One very striking result of growing up with one Asperger parent and one neurotypical (NT) parent is that children develop the sense of psychological invisibility. They feel ignored, unappreciated and unloved, because their context-blind Aspie family member(s) is so poor at empathic reciprocity. We learn from dialectical psychology that we come to know ourselves in relation to others. Throughout our lifespan, we continue to weave and reweave the context of our lives, and our self-esteem, by the interactions we have with our friends, coworkers, neighbors and loved ones.
We all need positive messages, hugs and smiles to reinforce our self-esteem so we learn healthy reciprocity in our relationships. Without these daily reminders, children can develop odd defense mechanisms, like becoming psychologically invisible to others and even to themselves.

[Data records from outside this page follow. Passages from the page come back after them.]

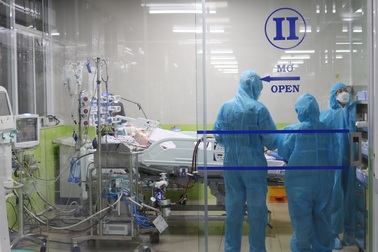 Nam phi công người Anh nhiễm Covid-19 vẫn lệ thuộc ECMO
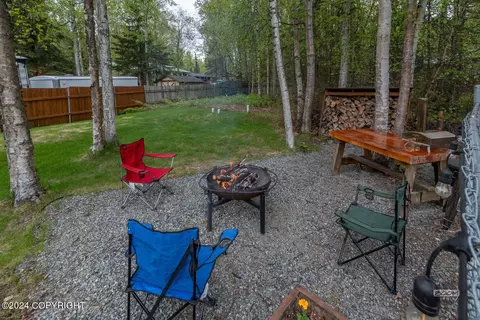 Exterior - 21707 Oberg Rd, Chugiak, AK 99567 photo 14 of 23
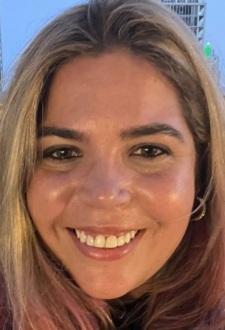 Elaine, Raquel Image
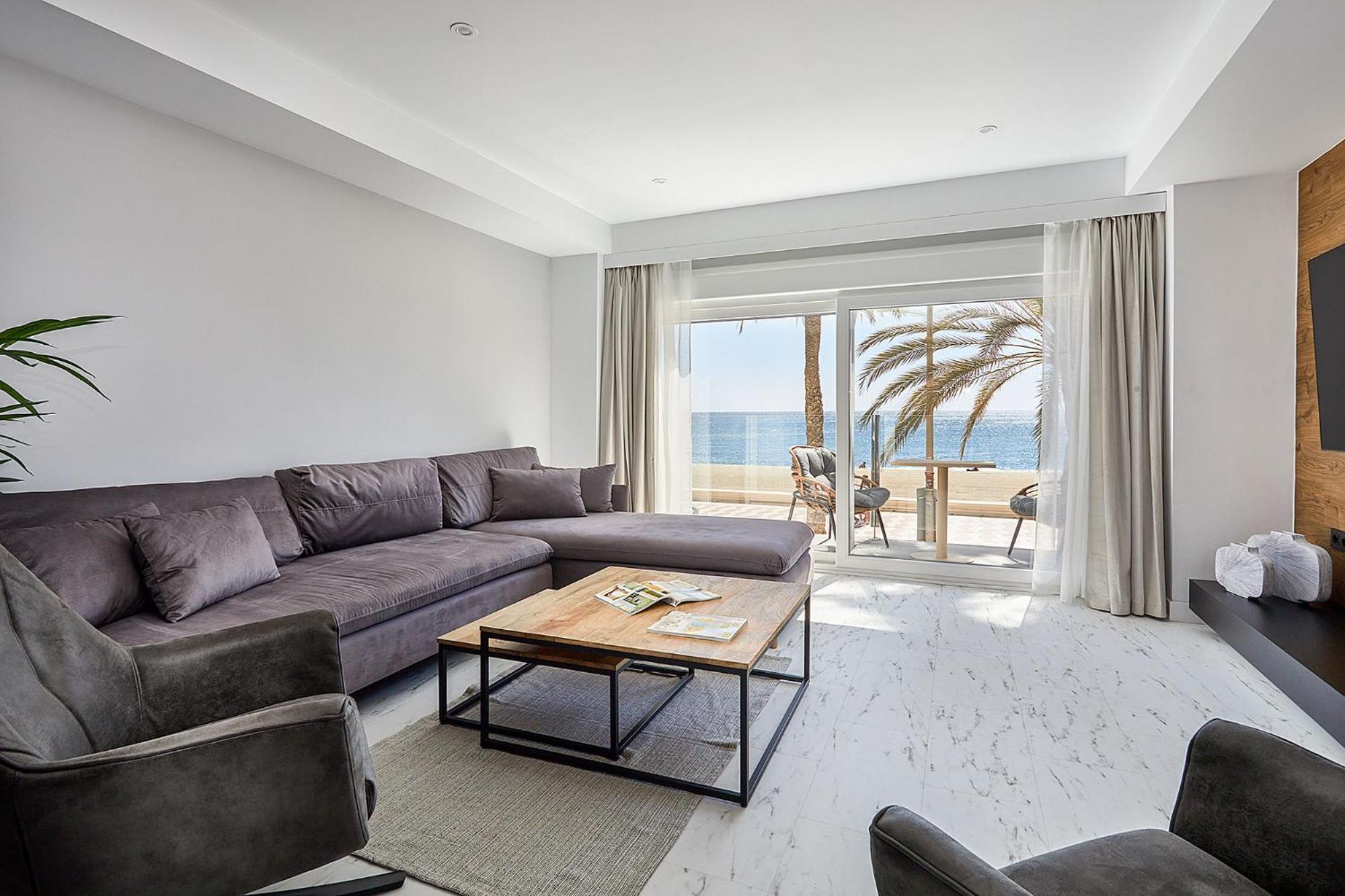 Expoholidays- Apartaments Paseo Maritimo Almería Esterno foto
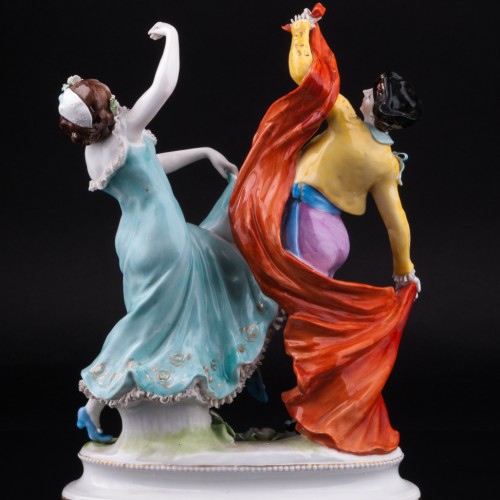 Статуэтка танцовщицы из фарфора Испанский танец, кружевная, Volkstedt, Германия, до 1935 г.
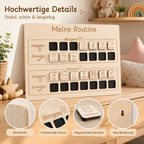 Detailansicht der Holz-Routinetafel mit hochwertiger Gravur, magnetischen Kärtchen und Wandhalterung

What does psychological invisibility mean? Here’s an example:
Rose Marie, a high school senior, had a very hard time inviting friends over to her house after school. Her Asperger mother had the habit of locking her out of the house for hours while she took her afternoon bath. Even though she was home all day, she would sit in her nightgown and read until the afternoon. When it would finally occur to her to take a bath, she would stop whatever she was doing and take one. It didn’t matter what time of day or what activities were scheduled. If Rose Marie had a friend visiting, her mother would make them go outside, and then she would lock the door so that they couldn’t get in to bother her.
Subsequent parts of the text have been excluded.